Conventions adoptées pour l’édition. — Les principes suivis tout au long de l’édition sont globalement ceux qui sont énoncés dans les Conseils pour l’édition des textes médiévaux publiés par l’École des chartes (fasc. I-II, Paris, 2001).

Édition des actes jusqu’à la fin du xiie siècle. — L’édition comprend cent neuf chartes latines antérieures à 1200. Le texte de chaque acte est précédé d’un numéro d’ordre, de la date de temps et de lieu, d’une analyse en français, d’un tableau de la tradition, et accompagné, le cas échéant, d’un apparat critique et d’une annotation historique.

Actes non datés, peut-être antérieurs à 1200 . —Trois actes non datés n’ont pu être attribués à une fourchette chronologique précise et restreinte ; ils pourraient être éventuellement antérieurs à 1200. Le texte de ces trois actes n’est pas édité. Ils sont simplement présentés avec la date, une analyse en français, le tableau de la tradition et l’exposé des arguments touchant à leur datation.

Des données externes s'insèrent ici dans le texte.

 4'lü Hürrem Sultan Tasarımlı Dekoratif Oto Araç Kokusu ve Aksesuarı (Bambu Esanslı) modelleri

Catalogue des actes de 1201-1222.— Les trente années de l’abbatiat de Jean de Toucy à Sainte-Geneviève s’achèvent en 1222, date qui avait initialement été retenue comme limite chronologique pour l’édition. Les actes du chartrier émis sous son abbatiat sont cependant trop nombreux pour être édités ; c’est pourquoi l’édition s’arrête au terme arbitraire de 1200 et le résultat des dépouillements pour la période 1201-1222 est donné sommairement sous forme de catalogue. Celui-ci comporte quatre-vingt-seize actes et fournit pour chacun d’eux la date, l’auteur, les cotes des originaux et copies des Archives nationales, les références au cartulaire et à l’inventaire du xvii e siècle. En fin de catalogue se trouvent quelques actes sans date qui pourraient remonter à l’abbatiat de Jean.


Annexes

Photographies : un original, un dos d’original, une page du cartulaire et une page de l’inventaire. — Graphiques relatifs à la nature du meilleur témoin des actes édités, à leur répartition chronologique et à leurs auteurs. — Carte des possessions de Sainte-Geneviève. — Index nominum et index rerum.